When, at the end of the ’90s, the German jazz trumpeter Till Brönner (yes, the one Barack Obama chose to play at his goodbye dinner in Berlin in 2016) recorded his album “Love,” the tones he produced on his French horn and trumpet seemed to be largely comprised of air, or, more exactly, of breathing sounds. In contrast to Albert Ayler, who experimented with such noises as part of an expressive strategy, with Brönner, breathing sounds become a personal trademark. Miles Davis’s use of many various dampeners to modify his trumpet playing, or the airy Cool Jazz approach of Chet Baker – later reduced at times to a whisper through the physical consequences of his heroin addiction –provide a set of reference points from which a player can then help themselves. With Brönner, the noise serves less to provide a punctuated differentiation in the name of musical expression – its prominence in recordings is also sometimes enhanced through the use of compression [11] –than it does to construct a brand. In Brönner’s new sound, the playing of Ayler, Davis, and Baker, and jazz’s culture of noise, are domesticated and reduced to a sound effect. This reference was thoroughly exploited in his next album, “Chattin’ with Chet” (2000), which expanded the borders of mainstream jazz with virtuosity, incorporating elements into its background that echo DJ culture, such as scratch-phrases and sequenced synthesizer sounds (in “You Don’t Know What Love Is”).
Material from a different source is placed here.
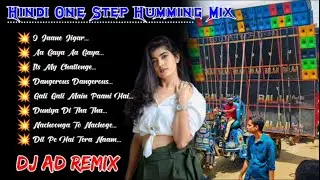 Hindi One Step Humming Mix __ competition special mix 🔥 DJ AD Remix _#djsusovanmix #dj #viralvideos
The breathing sound comprises one element within this ensemble, and thus stands as the tribute to Chet Baker’s sound.

Max Neuhaus 1985 um 2 Uhr morgens im Verbindungstunnel Montparnasse bei der Arbeit an einer Klanginstallation für die RATP/ Max Neuhaus 1985 at 2 a.m. in the connecting tunnel Montparnasse working on a sound installation for the RATP

Max Neuhaus 1985 um 2 Uhr morgens im Verbindungstunnel Montparnasse bei der Arbeit an einer Klanginstallation für die RATP/ Max Neuhaus 1985 at 2 a.m. in the connecting tunnel Montparnasse working on a sound installation for the RATP

The seemingly intrinsic hi-fi logic of the recording cleaned of noise is passé here, with interference serving instead as a marker for the authentic individualism of the player’s practice. This is equally true of vinyl crackle within DJ culture, breathing noises in vocals, or noise elements incorporated within feedback devices and samplers. The point here is no longer the discovery of new sonic universes; noise is by now a self-evident element of studio techniques and technology, suitable for use within the most diverse contexts and long established in the mainstream of the culture industry.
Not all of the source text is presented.